Test Anomaly Modules Using Matrix Profile¶

Both New York taxi data and steam generator data are used
Demonstrate a couple of functions of matrix profile:
- normal: calculate matrix profile of each time series
- approx: compute an approximate matrix profile
- incremental: compute incremental matrix profile for streaming time series data
- kdp: identify the best K out of N time series that have detected anomalies at the same time slot using k-dimensional profile

Anomaly types and matrix profile can convert different types fo anomalies into outliers¶

Set up paths and load matrix profile module¶

[1]:

import numpy as np
import pandas as pd
import os
import sys
import warnings
warnings.filterwarnings("ignore")
# set up DACKAR path
cwd = os.getcwd()
frameworkDir = os.path.abspath(os.path.join(cwd, os.pardir, 'src'))
sys.path.append(frameworkDir)
# set up data path
data_path = os.path.abspath(os.path.join(cwd, os.pardir, 'data'))
# Load MatrixProfile module for anomaly detection
from dackar.anomalies.MatrixProfile import MatrixProfile

Calculate the matrix profiles for NY taxi data¶

Anomalies occur during Columbus day, Daylight savings and Thanksgiving

Link: https://stumpy.readthedocs.io/en/latest/Tutorial_STUMPY_Basics.html

Load NY taxi data

[2]:

# Load taxi data
taxi_data_file = os.path.abspath(os.path.join(data_path, 'nyc_taxi_passengers.csv'))
taxi_df = pd.read_csv(taxi_data_file, index_col='timestamp')
taxi_df['value'] = taxi_df['value'].astype(np.float64)
taxi_df.index = pd.to_datetime(taxi_df.index, errors='ignore')
taxi_df.head()

[2]:

	value
timestamp
2014-10-01 00:00:00	12751.0
2014-10-01 00:30:00	8767.0
2014-10-01 01:00:00	7005.0
2014-10-01 01:30:00	5257.0
2014-10-01 02:00:00	4189.0

Compute the Matrix Profile for NY taxi data

[3]:

# set up sliding window side to 48 hours
m = 48
mpObj = MatrixProfile(m, normalize='robust', method='normal')
mpObj.fit(taxi_df)
fig = mpObj.plot()

OMP: Info #276: omp_set_nested routine deprecated, please use omp_set_max_active_levels instead.

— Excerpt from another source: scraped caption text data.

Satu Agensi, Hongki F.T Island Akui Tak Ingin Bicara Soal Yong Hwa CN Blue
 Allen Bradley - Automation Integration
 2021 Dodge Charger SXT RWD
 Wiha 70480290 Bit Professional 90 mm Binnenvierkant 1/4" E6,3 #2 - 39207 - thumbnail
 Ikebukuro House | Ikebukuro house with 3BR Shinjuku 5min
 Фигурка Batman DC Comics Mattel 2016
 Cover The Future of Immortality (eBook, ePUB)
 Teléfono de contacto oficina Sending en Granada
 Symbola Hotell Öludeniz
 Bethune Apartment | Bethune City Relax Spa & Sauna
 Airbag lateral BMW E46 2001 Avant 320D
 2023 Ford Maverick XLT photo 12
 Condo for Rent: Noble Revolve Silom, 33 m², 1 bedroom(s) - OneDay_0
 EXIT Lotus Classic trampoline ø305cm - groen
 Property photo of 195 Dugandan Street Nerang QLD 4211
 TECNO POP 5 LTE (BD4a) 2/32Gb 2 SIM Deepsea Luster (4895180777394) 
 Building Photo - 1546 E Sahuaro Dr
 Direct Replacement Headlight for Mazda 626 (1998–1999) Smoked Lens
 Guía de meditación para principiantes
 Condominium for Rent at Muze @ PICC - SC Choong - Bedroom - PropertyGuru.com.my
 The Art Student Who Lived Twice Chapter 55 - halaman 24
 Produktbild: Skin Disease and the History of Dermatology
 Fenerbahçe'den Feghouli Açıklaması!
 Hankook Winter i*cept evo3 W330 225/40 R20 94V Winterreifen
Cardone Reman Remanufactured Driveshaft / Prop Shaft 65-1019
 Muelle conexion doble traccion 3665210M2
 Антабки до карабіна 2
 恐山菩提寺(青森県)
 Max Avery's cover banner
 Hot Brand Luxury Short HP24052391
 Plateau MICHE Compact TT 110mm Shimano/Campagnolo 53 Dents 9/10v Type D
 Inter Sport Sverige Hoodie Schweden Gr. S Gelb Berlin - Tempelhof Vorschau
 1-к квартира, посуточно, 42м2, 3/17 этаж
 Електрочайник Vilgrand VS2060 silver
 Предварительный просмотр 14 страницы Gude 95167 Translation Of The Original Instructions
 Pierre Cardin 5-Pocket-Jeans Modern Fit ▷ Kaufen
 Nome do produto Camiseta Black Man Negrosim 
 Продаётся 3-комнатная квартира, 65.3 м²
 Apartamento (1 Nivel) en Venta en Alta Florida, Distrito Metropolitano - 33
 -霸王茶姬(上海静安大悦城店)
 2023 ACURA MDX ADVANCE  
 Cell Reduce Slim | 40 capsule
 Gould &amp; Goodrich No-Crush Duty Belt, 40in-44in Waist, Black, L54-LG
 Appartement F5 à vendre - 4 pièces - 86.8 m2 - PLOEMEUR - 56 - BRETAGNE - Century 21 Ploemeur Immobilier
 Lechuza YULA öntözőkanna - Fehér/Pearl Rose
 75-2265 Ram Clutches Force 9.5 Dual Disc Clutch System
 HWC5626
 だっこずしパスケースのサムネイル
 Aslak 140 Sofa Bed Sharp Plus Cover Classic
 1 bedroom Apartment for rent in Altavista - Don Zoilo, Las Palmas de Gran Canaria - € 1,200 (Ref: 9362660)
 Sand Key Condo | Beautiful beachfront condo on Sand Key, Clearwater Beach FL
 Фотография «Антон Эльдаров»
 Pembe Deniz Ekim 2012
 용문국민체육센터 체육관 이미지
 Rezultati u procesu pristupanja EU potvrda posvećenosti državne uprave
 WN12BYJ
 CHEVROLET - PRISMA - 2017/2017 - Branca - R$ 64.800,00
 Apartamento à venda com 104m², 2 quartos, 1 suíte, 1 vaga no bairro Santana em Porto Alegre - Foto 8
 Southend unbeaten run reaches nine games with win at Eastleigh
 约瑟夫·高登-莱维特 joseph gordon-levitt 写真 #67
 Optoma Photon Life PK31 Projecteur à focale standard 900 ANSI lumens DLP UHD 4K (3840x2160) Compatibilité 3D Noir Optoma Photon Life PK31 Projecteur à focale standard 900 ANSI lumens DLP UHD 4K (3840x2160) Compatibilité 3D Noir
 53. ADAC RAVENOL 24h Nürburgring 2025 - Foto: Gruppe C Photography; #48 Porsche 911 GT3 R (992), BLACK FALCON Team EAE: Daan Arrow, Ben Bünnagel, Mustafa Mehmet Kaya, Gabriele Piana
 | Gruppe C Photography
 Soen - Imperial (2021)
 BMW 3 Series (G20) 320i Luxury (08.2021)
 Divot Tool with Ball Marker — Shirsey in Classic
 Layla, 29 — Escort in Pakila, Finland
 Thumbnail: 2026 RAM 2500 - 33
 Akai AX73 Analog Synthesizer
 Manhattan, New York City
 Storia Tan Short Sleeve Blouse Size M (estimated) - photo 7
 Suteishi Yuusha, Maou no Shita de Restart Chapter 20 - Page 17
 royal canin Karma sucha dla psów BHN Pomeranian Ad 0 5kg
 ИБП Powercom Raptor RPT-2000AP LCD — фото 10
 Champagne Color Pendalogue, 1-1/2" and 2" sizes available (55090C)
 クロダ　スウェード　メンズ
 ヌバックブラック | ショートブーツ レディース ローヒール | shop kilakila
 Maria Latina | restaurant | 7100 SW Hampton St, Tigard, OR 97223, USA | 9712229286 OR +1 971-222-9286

Calculate matrix profile for steam generator data¶

Load data

[4]:

steam_gen_data_file = os.path.abspath(os.path.join(data_path, 'Steamgen.csv'))
steam_df = pd.read_csv(steam_gen_data_file)
steam_df.head()

[4]:

	drum pressure	excess oxygen	water level	steam flow
0	320.08239	2.506774	0.032701	9.302970
1	321.71099	2.545908	0.284799	9.662621
2	320.91331	2.360562	0.203652	10.990955
3	325.00252	0.027054	0.326187	12.430107
4	326.65276	0.285649	0.753776	13.681666

Compute matrix profile for steam generator data

[5]:

m = 48
mpObj = MatrixProfile(m, normalize='robust', method='normal')
mpObj.fit(steam_df)
fig = mpObj.plot()

Testing ‘approx’ method to compute matrix profile¶

[6]:

m = 48
mpObj = MatrixProfile(m, normalize='robust', method='approx')
mpObj.fit(steam_df)
fig = mpObj.plot()

Enable Streaming, use ‘evaluate’ function for streaming data¶

Compute matrix profile for first 1000 data points

[7]:

m = 48
mpObj = MatrixProfile(m, normalize='robust', method='incremental')
mpObj.fit(taxi_df.iloc[0:1000])
fig = mpObj.plot()

Evaluate more data points to demonstrate data streaming

[8]:

mpObj.evaluate(taxi_df.iloc[1000:])
fig = mpObj.plot()

Test different data structure¶

Data structure: numpy.ndarray

[9]:

m = 48
mpObj = MatrixProfile(m, normalize='robust', method='normal')
mpObj.fit(steam_df.to_numpy())
fig = mpObj.plot()

Data structure: 1-D array data

[10]:

m = 48
mpObj = MatrixProfile(m, normalize='robust', method='normal')
mpObj.fit(steam_df.to_numpy()[:,0])
fig = mpObj.plot()

Data structure: pandas.Series data

[11]:

m = 48
mpObj = MatrixProfile(m, normalize='robust', method='normal')
mpObj.fit(steam_df['drum pressure'])
fig = mpObj.plot()

Test Multi-Dimensional Anomaly Detection: Identify Best K out of N Anomalies¶

[12]:

m = 48
mpObj = MatrixProfile(m, normalize='robust', method='normal', kdp=True)
mpObj.fit(steam_df)
fig = mpObj.plot_kdp()